## EXERCISE AIM
The first line of the data below and every line after it, through the one with "Celio Jachetă bomber Lubombsued", must be transcribed without change.
:::
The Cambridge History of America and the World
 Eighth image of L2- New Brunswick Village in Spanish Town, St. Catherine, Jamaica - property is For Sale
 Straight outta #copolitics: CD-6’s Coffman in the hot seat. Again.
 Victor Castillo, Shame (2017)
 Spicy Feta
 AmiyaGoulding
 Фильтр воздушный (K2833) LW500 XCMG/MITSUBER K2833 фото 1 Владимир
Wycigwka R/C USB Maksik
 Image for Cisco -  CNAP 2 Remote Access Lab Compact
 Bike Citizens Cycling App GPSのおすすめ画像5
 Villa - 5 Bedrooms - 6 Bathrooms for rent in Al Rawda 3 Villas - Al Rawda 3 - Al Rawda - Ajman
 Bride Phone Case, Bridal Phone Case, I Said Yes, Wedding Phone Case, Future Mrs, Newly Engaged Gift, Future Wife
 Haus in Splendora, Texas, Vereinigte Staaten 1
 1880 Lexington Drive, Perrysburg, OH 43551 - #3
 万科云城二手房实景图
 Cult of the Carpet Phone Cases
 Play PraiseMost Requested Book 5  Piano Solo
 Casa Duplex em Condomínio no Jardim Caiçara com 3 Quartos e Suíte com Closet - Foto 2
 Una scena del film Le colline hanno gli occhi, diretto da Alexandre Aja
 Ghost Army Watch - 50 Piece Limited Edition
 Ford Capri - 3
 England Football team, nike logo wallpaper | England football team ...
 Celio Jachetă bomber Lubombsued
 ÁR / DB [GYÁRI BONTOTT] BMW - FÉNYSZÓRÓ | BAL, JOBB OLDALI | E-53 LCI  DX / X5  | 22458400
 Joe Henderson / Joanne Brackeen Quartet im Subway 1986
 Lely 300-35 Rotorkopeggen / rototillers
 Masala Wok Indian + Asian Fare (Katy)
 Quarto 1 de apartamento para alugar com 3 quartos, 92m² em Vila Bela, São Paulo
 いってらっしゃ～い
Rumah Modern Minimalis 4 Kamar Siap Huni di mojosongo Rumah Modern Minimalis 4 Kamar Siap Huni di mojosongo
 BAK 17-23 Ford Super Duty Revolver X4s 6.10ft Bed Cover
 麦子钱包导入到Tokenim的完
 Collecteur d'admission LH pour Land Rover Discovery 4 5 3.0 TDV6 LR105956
:::
## ANSWER FOR THIS EXERCISE
The Cambridge History of America and the World
 Eighth image of L2- New Brunswick Village in Spanish Town, St. Catherine, Jamaica - property is For Sale
 Straight outta #copolitics: CD-6’s Coffman in the hot seat. Again.
 Victor Castillo, Shame (2017)
 Spicy Feta
 AmiyaGoulding
 Фильтр воздушный (K2833) LW500 XCMG/MITSUBER K2833 фото 1 Владимир
Wycigwka R/C USB Maksik
 Image for Cisco -  CNAP 2 Remote Access Lab Compact
 Bike Citizens Cycling App GPSのおすすめ画像5
 Villa - 5 Bedrooms - 6 Bathrooms for rent in Al Rawda 3 Villas - Al Rawda 3 - Al Rawda - Ajman
 Bride Phone Case, Bridal Phone Case, I Said Yes, Wedding Phone Case, Future Mrs, Newly Engaged Gift, Future Wife
 Haus in Splendora, Texas, Vereinigte Staaten 1
 1880 Lexington Drive, Perrysburg, OH 43551 - #3
 万科云城二手房实景图
 Cult of the Carpet Phone Cases
 Play PraiseMost Requested Book 5  Piano Solo
 Casa Duplex em Condomínio no Jardim Caiçara com 3 Quartos e Suíte com Closet - Foto 2
 Una scena del film Le colline hanno gli occhi, diretto da Alexandre Aja
 Ghost Army Watch - 50 Piece Limited Edition
 Ford Capri - 3
 England Football team, nike logo wallpaper | England football team ...
 Celio Jachetă bomber Lubombsued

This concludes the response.